Primeiro, identificamos, escolhemos e analisamos um monte de textos, com problemas e sem problemas, sobre diferentes assuntos de utilidade pública que possam ser importantes para as pessoas. Para nos ajudar a analisar os textos, usamos programas de computador e vários trabalhos de cientistas que já estudaram como se poderia simplificar um texto. Depois, então, sugerimos um jeito para que as pessoas e os órgãos públicos que escrevem esses textos possam fazer uma simplificação nos textos e nos termos técnicos. Desse modo, usamos a nossa ciência, que se chama Linguística, para ver qualidades do que é bem-feito, mas também para perceber problemas que se repetem e que poderiam atrapalhar o nosso leitor. Podemos ver isso, na prática, na nossa sugestão de melhoria para aquele texto sobre sarampo que você leu antes:


“O sarampo é uma doença muito grave causada por um vírus.

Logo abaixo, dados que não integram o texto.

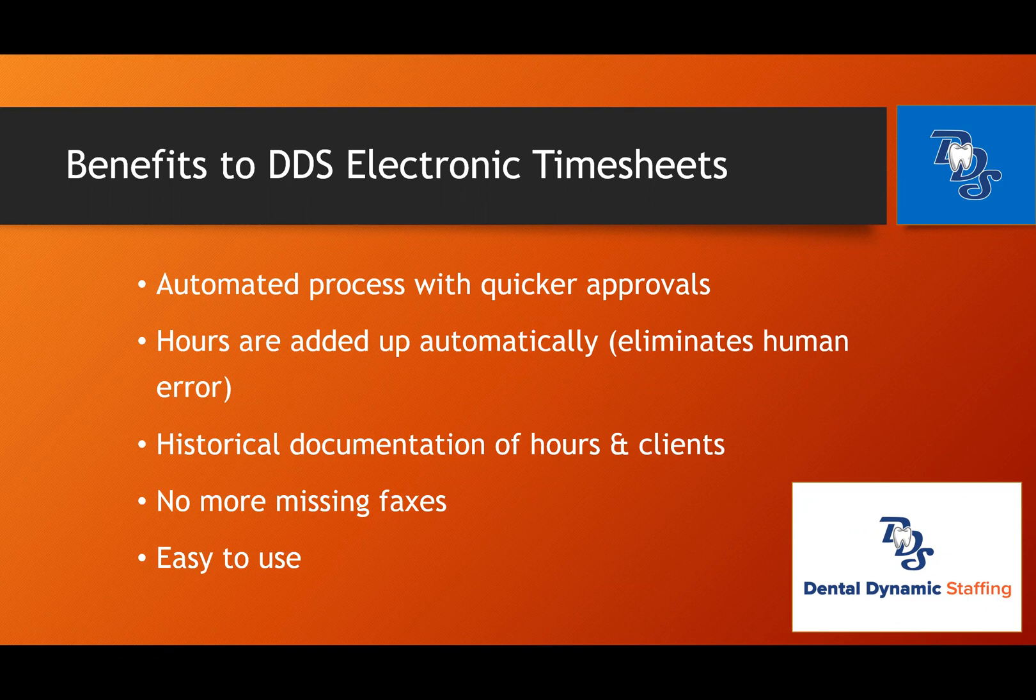The benefits of the web portal is that since it's automated, you get quicker approvals. The computer adds up the hours for you, eliminating human error. There's historical documentation of your clients and hours. There's no more failed fax timesheets. And it's super easy to use.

Um vírus é um ser de um tamanho tão minúsculo, que é invisível para os nossos olhos e que age no corpo da pessoa como se fosse um veneno. O sarampo é uma doença que passa de modo muito fácil de uma pessoa para outra: quando falamos de perto, tossimos ou espirramos, espalhamos o vírus. Uma coisa boa é que existe vacina para prevenir o sarampo.
Pessoas de qualquer idade, crianças e adultos, podem pegar a doença se não se vacinarem. O sarampo atinge com mais força crianças desnutridas e as menores de um ano de idade. Em alguns lugares, o sarampo é a doença que mais mata crianças menores de 5 anos de idade. Jovens adultos também estão pegando sarampo e tendo sérios problemas por causa dessa doença.
A existência da doença em algum lugar depende do quanto as pessoas desse lugar já estão vacinadas. Isso porque as pessoas vacinadas não deixarão a doença se espalhar, ajudando tanto as crianças quanto os adultos a ficarem livres do sarampo.”

Não ficou bem mais fácil agora? Porém, para ter certeza que nossa sugestão de melhoria realmente vai funcionar, nós linguistas ainda fazemos muitos testes. Mostramos os textos simplificados para vários leitores para saber o que eles e elas entenderam e se gostaram do texto assim. Também consultamos médicos e profissionais da Saúde para saber o que acharam da sugestão de melhoria.

Nossa pesquisa só ficará pronta depois de estudarmos muitos textos e de ouvirmos muitas pessoas. Então, os resultados serão divulgados. Ao final, esperamos que órgãos públicos e pessoas responsáveis possam aproveitar o que descobrimos. Como já foi dito no começo deste texto, com essa pesquisa de Linguística, buscamos ajudar a comunicação entre as pessoas. Em resumo: queremos propor “rampas de acesso” feitas de palavras para facilitar a leitura das pessoas. Assim, poderemos colaborar para aumentar o direito de acesso à informação para quem tenha menos estudo e pouco experiência de leitura.